--- Record set Enclosed Below ---
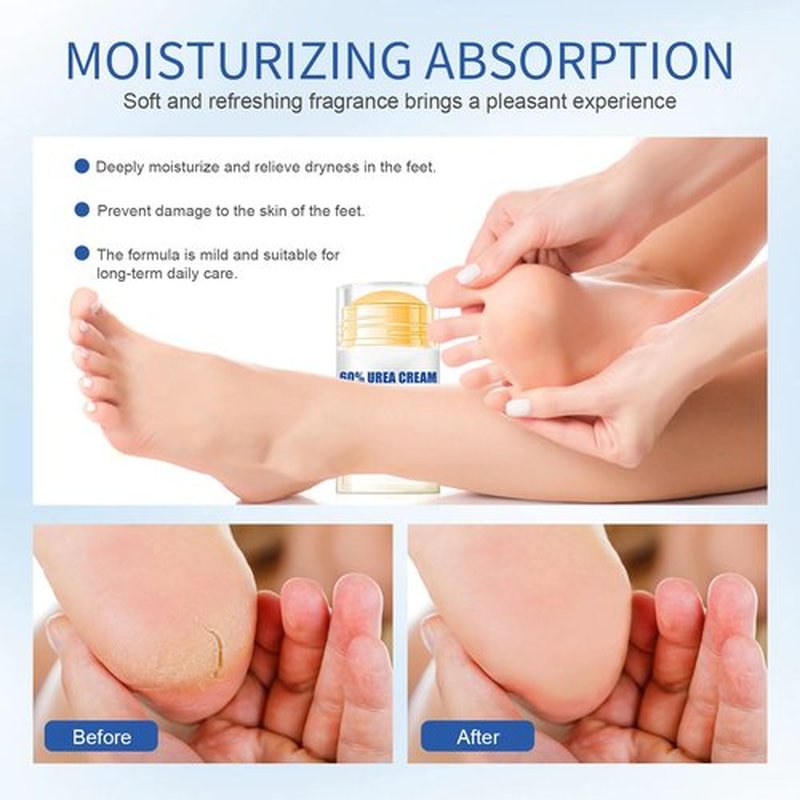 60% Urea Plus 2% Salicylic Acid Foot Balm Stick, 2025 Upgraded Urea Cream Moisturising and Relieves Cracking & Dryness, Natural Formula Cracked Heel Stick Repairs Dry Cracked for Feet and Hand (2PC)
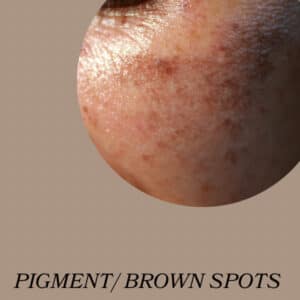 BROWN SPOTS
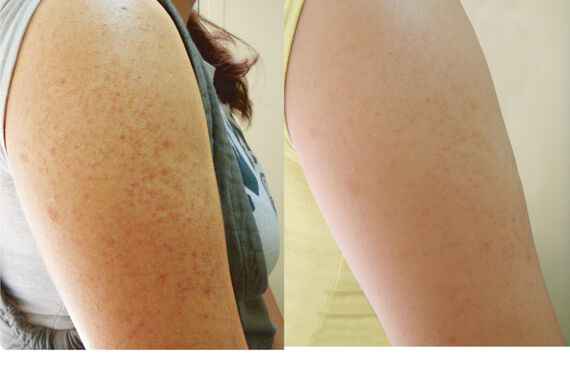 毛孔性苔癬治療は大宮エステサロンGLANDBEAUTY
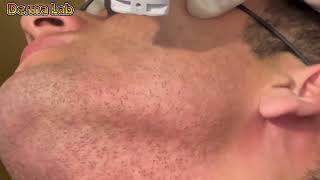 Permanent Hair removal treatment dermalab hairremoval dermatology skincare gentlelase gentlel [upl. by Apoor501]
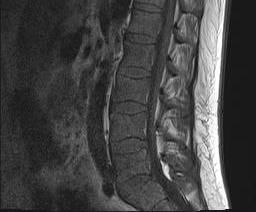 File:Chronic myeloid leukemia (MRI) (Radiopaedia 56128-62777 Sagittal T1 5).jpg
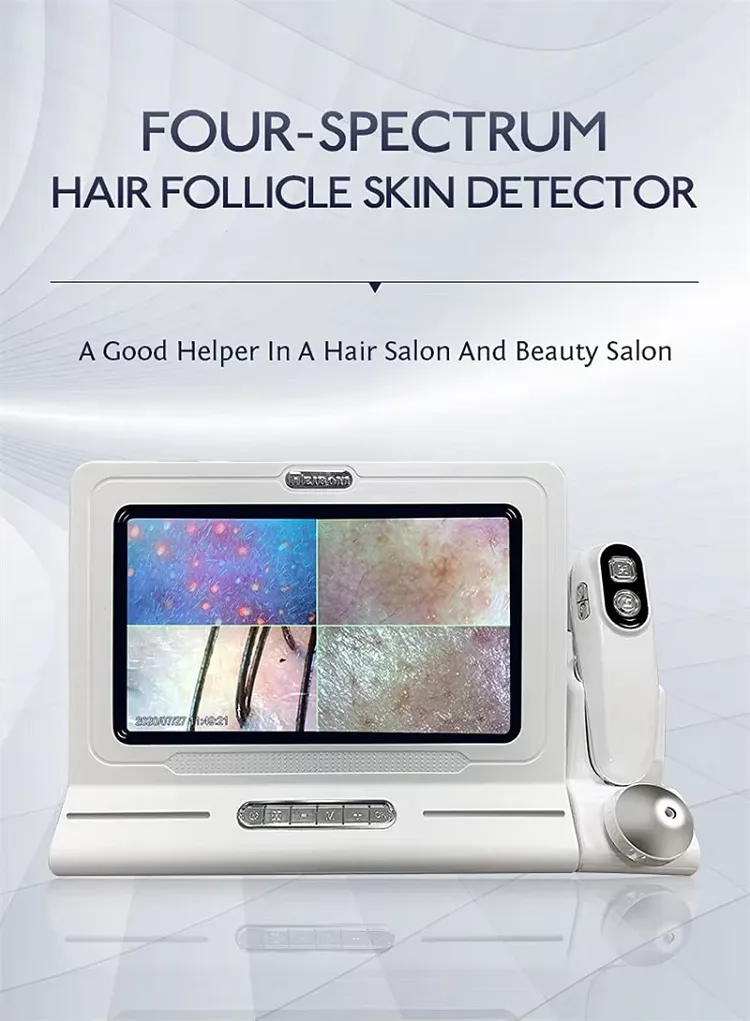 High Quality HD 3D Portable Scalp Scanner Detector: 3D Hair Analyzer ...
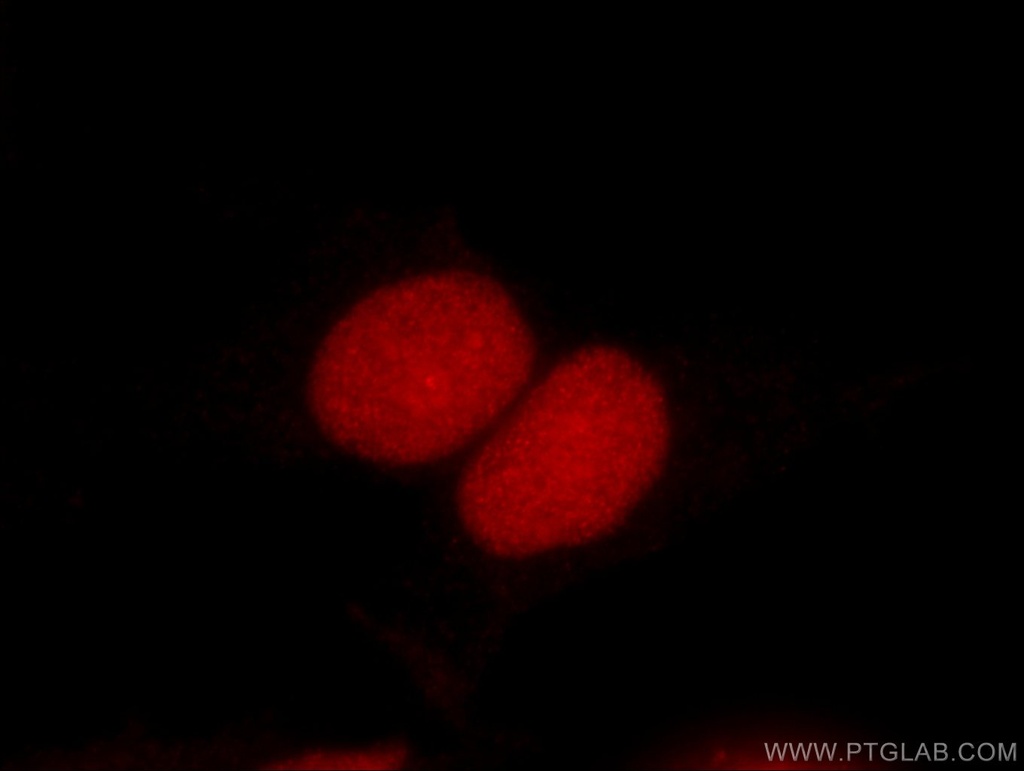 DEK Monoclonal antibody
--- End of Enclosed Record set ---
**Assignment:** Repeat the material above word for word; no images go in the copy.

**Response box:**
 60% Urea Plus 2% Salicylic Acid Foot Balm Stick, 2025 Upgraded Urea Cream Moisturising and Relieves Cracking & Dryness, Natural Formula Cracked Heel Stick Repairs Dry Cracked for Feet and Hand (2PC)
 BROWN SPOTS
 毛孔性苔癬治療は大宮エステサロンGLANDBEAUTY
 Permanent Hair removal treatment dermalab hairremoval dermatology skincare gentlelase gentlel [upl. by Apoor501]
 File:Chronic myeloid leukemia (MRI) (Radiopaedia 56128-62777 Sagittal T1 5).jpg
 High Quality HD 3D Portable Scalp Scanner Detector: 3D Hair Analyzer ...
 DEK Monoclonal antibody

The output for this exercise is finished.